1) An Adaptive Boundary and Semantic Composite Segmentation method (ABSCS) is proposed. It includes adaptively dividing and modifying the aerial images with the proposed principles and methods, using the deep learning method to semantic segment and preprocess the small divided pieces, using three traditional methods to segment and preprocess original-size aerial images, adaptively selecting traditional results to modify the boundaries of individual objects in deep learning results, and combining the results of different objects. It provides a new solution for the semantic segmentation of individual objects in large-size aerial images.
2) A merging and post-processing method is proposed, in which the problem of connection inconsistency and poor boundary effect in the results of the deep learning method can be modified by using the traditional results. This work also proposes a way to adaptively select the most appropriate traditional results from the results of three traditional methods according to the individual object situation.
3) Through experimental comparison on the common aerial images dataset AeroScapes, the ABSCS method shows advantages in both qualitative and quantitative results. Moreover, it can deal with some applications with specific needs. For example, completing point cloud segmentation and image inpainting when limited computing resources cannot handle deep learning models of a large size, but this size is needed to achieve a given performance.
The following part of this work is divided into the following parts: the entire process of the ABSCS method, an introduction to the choice of deep learning and traditional methods and their preprocessing, the steps of merging and post-processing deep learning results by traditional methods, as well as our experiments, applications, and conclusions.
Image semantic segmentation contains not only object recognition but also image segmentation. Deep learning methods have the advantages of object recognition, classification, and localization, while traditional methods can obtain good boundary division based on image feature information and can be directly applied to large-size aerial images. For a series of applications with high requirements for semantic segmentation of large aerial images, the advantages of both two kinds of methods are indispensable. Therefore, this work proposes an adaptive boundary and semantic composite segmentation method based on these two different mechanisms for individual objects in large-size aerial images.
2.1 Method Background and Pipeline
In this work, aerial images refer to photos taken by cameras attached to a UAV or high-altitude overhead view images similar to UAV photos, which can be used in some related applications such as 3D reconstruction. This method is applicable to both urban scene images and rural scenes, and it can process large-size aerial images with limited GPU performances and get good results. The individual objects in this work refer to objects that usually have obviously independent and discrete characteristics. These objects usually have clear boundary features or obvious color information and are different from the surrounding background. To explain and verify the method, this work adopt the common aerial images dataset AeroScapes [39], which has several individual object classes for semantic segmentation, subsequent processing, and method validation.

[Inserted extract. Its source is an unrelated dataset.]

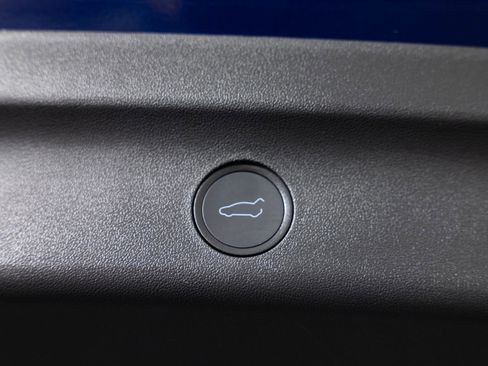 Used 2022 Tesla Model Y Performance image 22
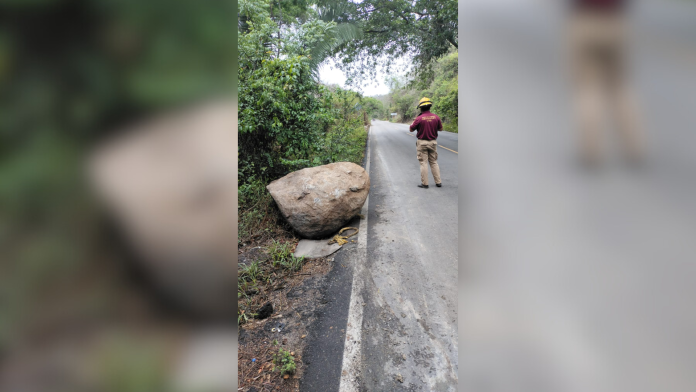 Roca retirada de 1.5 metros de diámetro de la carretera 200 por Bomberos de Nayarit que obstruía la carretera federal 200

This work chooses one deep learning method and three traditional image processing ones as the basis of the ABSCS method. The chosen deep learning method is DeepLab V3+ [28], which has been tested on many datasets, including large street scene datasets, and has achieved good results. The chosen traditional methods are three common, basic, and typical methods, including contour finding, K-means, and grab-cut. The three traditional methods are representative of thresholding and edge-based methods, clustering-based ones, and graph partitioning-based ones, which are respectively based on shape, color, and texture feature information. These three image feature information are usually used to effectively retrieve objects in the image [12,13]. Then, the proposed ABSCS method mainly performs semantic segmentation through the following four parts.
Step 1: Dividing or modifying aerial images to the specific-size images adaptively, semantically segmenting them with a deep learning method, and preprocessing the results to obtain multiple labels with only one kind of objects in each label.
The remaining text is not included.